## THE INPUT
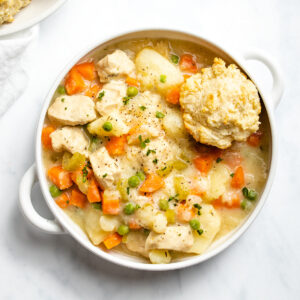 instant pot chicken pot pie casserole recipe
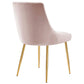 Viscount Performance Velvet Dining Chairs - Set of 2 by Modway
* * *
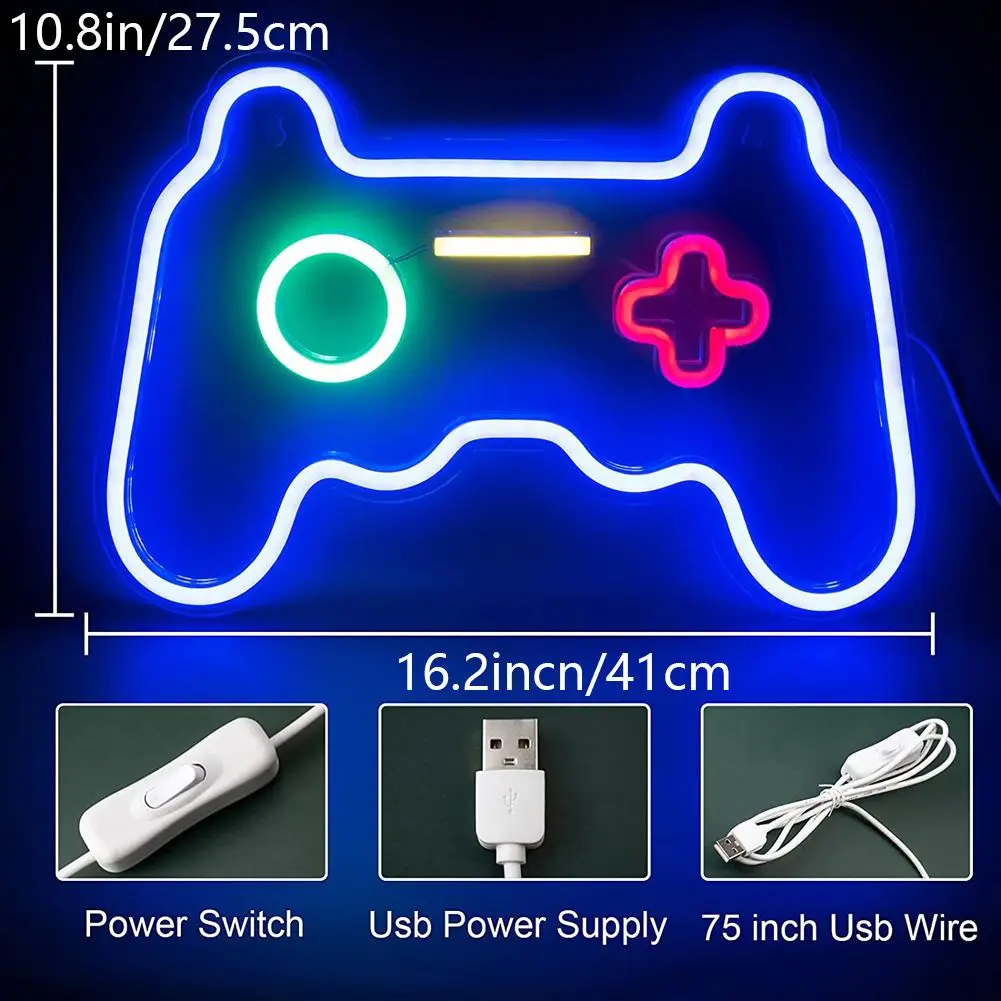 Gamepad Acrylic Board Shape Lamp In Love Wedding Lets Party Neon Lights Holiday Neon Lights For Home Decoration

## WORK TO BE COMPLETED
Among the entries above, take the line with "instant pot chicken pot pie casserole recipe", the line with "Viscount Performance Velvet", and all the lines between them, and restate them word for word without pictures.

## SOLUTION FOR THIS TASK
 instant pot chicken pot pie casserole recipe
 Viscount Performance Velvet Dining Chairs - Set of 2 by Modway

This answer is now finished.